France: We held talks with Hamas
France said yesterday it had held talks with Hamas, in an apparent softening of its support for the US-led policy of isolating the Palestinian Islamist group that seized control of the Gaza Strip last year.
Foreign Minister Bernard Kouchner confirmed a report in the French daily Le Figaro quoting a retired ambassador who it said had met senior Hamas officials about a month ago.
"It would be difficult to deny it since the man who is in touch with them has spoken," Kouchner told Europe 1 radio.
"Having contacts is necessary. We had some before the invasion [takeover by Hamas] of Gaza."

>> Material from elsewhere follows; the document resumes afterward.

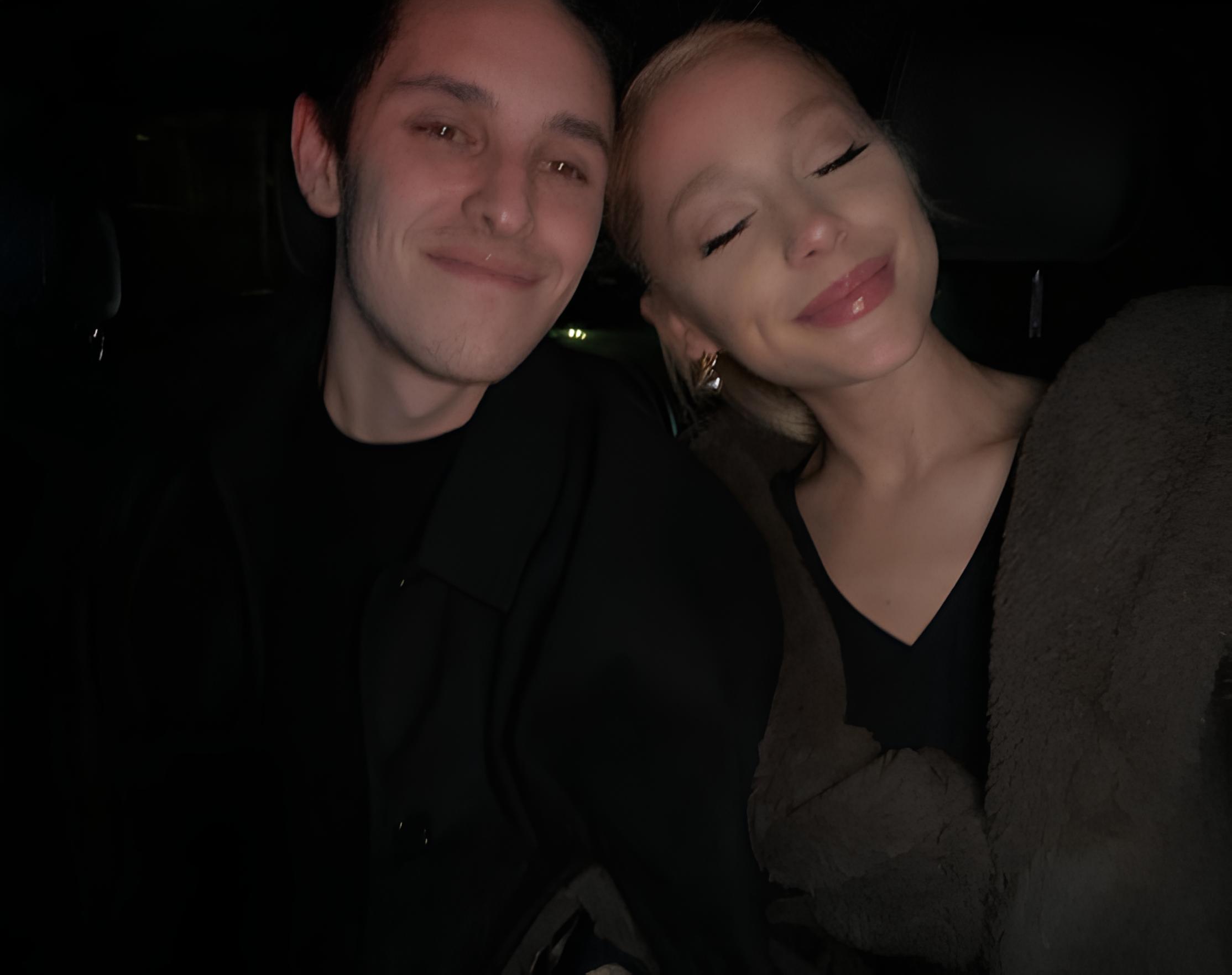 Ariana Grande dan Dalton Gomez.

The move could annoy Washington, which was irritated by former US president Jimmy Carter's meeting in April with Hamas leader Khaled Meshaal.
US-brokered peace talks between Palestinian President Mahmoud Abbas and Israeli Prime Minister Ehud Olmert have made little tangible progress, and few observers expect them to reach a deal by the end of the year as planned.
Kouchner played down the talks between France and Hamas. "They are not relations. They are contacts," he said.
"We have to be able to speak to each other if we want to play a role, if we want our emissaries to go to Gaza, firstly. But the real discussion is between Palestinians. We have always said that."
France's envoy, former ambassador Yves Aubin de La Messuziere, told Le Figaro that Hamas officials had repeated to him Meshaal's offer of a long-term accommodation with the Jewish state in its pre-1967 war borders.
Le Figaro said the Hamas leaders he had met included Ismail Haniyeh and Mahmoud al-Zahar.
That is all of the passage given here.